Structural Break Detection in Economic Time Series

The Problem

An economic indicator — GDP growth, inflation, asset prices — can shift abruptly when policy changes, a crisis hits, or a regime changes. A structural break is a point in time where the statistical properties of the series change permanently.
Failing to account for a break leads to biased forecasts and spurious inference: a model fitted over a period that straddles a break conflates two different regimes.
The approach here:
Generate a synthetic time series with a known break at a known step.
Subtract the sample mean from each observation to get residuals, then compute the cumulative sum (CUSUM) statistic of those residuals.
Detect the break as the location of the largest absolute CUSUM value.
Extend to a linear-trend model — subtracting a fitted line instead of the mean — and discuss when each approach is appropriate.

Why does a structural break cause the CUSUM of OLS residuals to deviate from zero?

The OLS residuals are always zero after fitting.: Wrong: OLS minimises the sum of squared residuals, but residuals are generally non-zero for individual observations.
Residuals on one side of the break have a consistent sign, so their cumulative sum
drifts systematically rather than fluctuating around zero.: Correct: the OLS fit uses a single set of parameters for the whole series; where the true mean differs from the fitted mean, residuals are biased in one direction.
The CUSUM is defined as the sum of squared residuals, which grows with the break size.: Wrong: CUSUM is the cumulative sum of residuals (not squared), so it can go negative as well as positive.
A break always makes the residuals larger in absolute value, raising the CUSUM.: Wrong: absolute size alone does not cause drift; it is the consistent sign that produces the characteristic V-shape.

The CUSUM Statistic

Given a time series $y_0, \ldots, y_{T-1}$ and a fitted model with residuals $\hat{e}_t = y_t - \hat{y}_t$, the cumulative sum (CUSUM) at step $t$ is:

$$C_t = \sum_{s=0}^{t} \hat{e}_s$$

Before a break, residuals share one systematic sign (the global fit is wrong in one direction); after the break they flip, so $C_t$ first drifts away from zero and then turns back.
The break is detected at the index of maximum absolute deviation:

$$\hat{\tau} = \mathop{\arg\max}_{t} |C_t|$$

Because detect_break returns the last index before the estimated break, the estimated break location in terms of steps is $\hat{\tau} + 1$.

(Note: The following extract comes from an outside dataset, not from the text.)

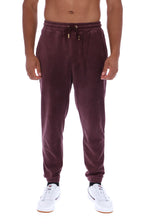 A man wearing dark plum corduroy jogger sweatpants with a drawstring waist and white sneakers, shown from the waist down against a plain white background.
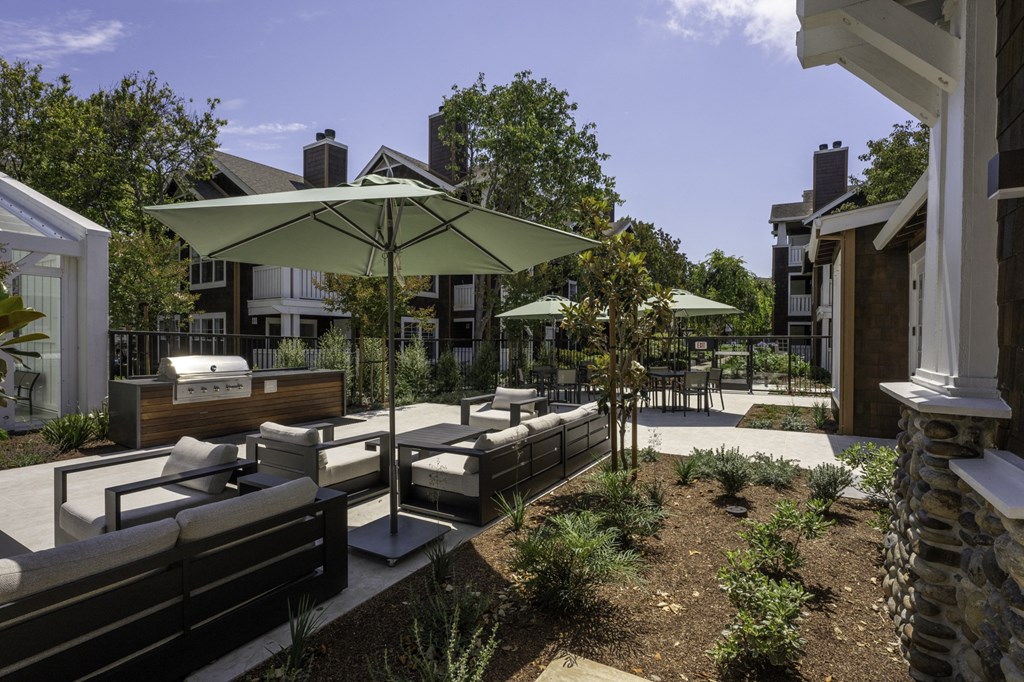 a patio with couches and umbrellas in front of a house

A noise-free series has value 0 for steps 0-99 and value 3 for steps 100-199. The global mean is 1.5. At which step index (0-based) does $|C_t|$ reach its maximum?

Generating Synthetic Data

The series has a single abrupt break at step 100: the mean shifts from 0.0 to 3.0, a change of three standard deviations ($\sigma = 1.0$).
This signal-to-noise ratio of 3 gives reliable detection with 200 observations while still leaving visible scatter in the plots.

def make_breakpoint_data(
    n_steps=N_STEPS,
    break_step=BREAK_STEP,
    mean_before=MEAN_BEFORE,
    mean_after=MEAN_AFTER,
    noise_std=NOISE_STD,
    seed=SEED,
):
    """Return a Polars DataFrame with columns 'step' and 'value'.

    The series has a single structural break at break_step:
      - value[t] ~ N(mean_before, noise_std^2)  for t < break_step
      - value[t] ~ N(mean_after,  noise_std^2)  for t >= break_step

    The break is abrupt: there is no gradual transition.
    """
    rng = np.random.default_rng(seed)
    steps = np.arange(n_steps)
    means = np.where(steps < break_step, mean_before, mean_after)
    values = means + rng.normal(0.0, noise_std, n_steps)
    return pl.DataFrame({"step": steps, "value": values})

Mean-Only Residuals and CUSUM

Subtract the sample mean from each observation: $\hat{e}_t = y_t - \bar{y}$.
If there is no break, these residuals fluctuate randomly around zero with no consistent pattern.
If there is a break, residuals before the break have one consistent sign and residuals after have the opposite sign: the global mean sits between the two local means, so it over-estimates one half and under-estimates the other.
This sign reversal produces the characteristic V-shape in $C_t$: the CUSUM drifts in one direction before the break and reverses after; the peak marks the break.

def cusum(residuals):
    """Cumulative sum (CUSUM) of residuals.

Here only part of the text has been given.